I was raised in a family of Independents. I wasn’t raised to believe one party was “perfect” and the other one consisted of “scum.” I didn’t grow up with nightly dinner conversations that relentlessly praised the family’s designated party because we weren’t members of either one, and so what and who cares? Ballots, I was told, are secret for a reason. The reason is that it’s nobody’s business who someone else votes for. Period.
If one of the parties came up at my house at all, it was usually after some friend of my parents would get hysterical about an issue, prompting my father to do an imitation of them later. My father should have done voice-overs. He can imitate anybody, and to perfection. He can still do a hilarious routine of the family friend who would go hog-wild over this or that political news item, arms waving, screeching, usually in an embarrassingly public place like a café, at the top of his lungs. He does another one of a different friend who’s in the other party and gets just as manic. I’d do a few political rant imitations myself, of teachers who kept trying to politically brainwash the kids, and had some real doozies whose attempts to become my “political puppeteer” just didn’t work, except to give me a wealth of “material.”
I’ve heard there’s a regional element to a lot of this. Which side goes the craziest seems to depend on where you live.
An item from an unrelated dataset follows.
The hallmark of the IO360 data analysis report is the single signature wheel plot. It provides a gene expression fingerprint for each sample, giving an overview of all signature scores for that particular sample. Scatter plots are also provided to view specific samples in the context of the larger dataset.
Where I grew up, though, a certain party tended to get a hundred times more hysterical, flew off the handle more often, spent more time attempting to control who their friends voted for than they did cultivating their friendships, and went far more berserk. Thus they gave the Quinn family more comic inspiration.
Did they ever! We’d roar. We’d split our sides. We’d consider it all quite a sideshow – right after getting past the fact that these displays were, of course, ones we had never signed up to hear in the first place and could have easily lived without.
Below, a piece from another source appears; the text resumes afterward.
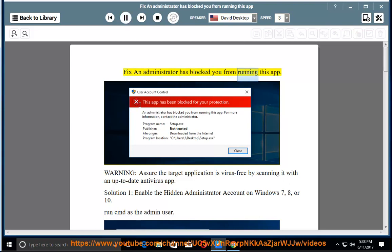Fix: an administrator has blocked you from running this app. Warning: ensure the target application is virus-free by scanning it with an up-to-date antivirus app.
These days, with Election 2016, the unsolicited party sales pitches, the name-calling and insanity has reached the best fever pitch I’ve ever seen. I feel like the country has become like an episode of one of my favorites show of the 1970s, namely, the uproarious spoof that was SOAP. “These are the Tates. And these are the Campbells. And this is….Soap!”
But though life may be a tragedy to those who feel, it’s a comedy to those who laugh. Enjoy!
It’s hard for me to find it funny because so much is at stake. I know humor is the best medicine, but UGH.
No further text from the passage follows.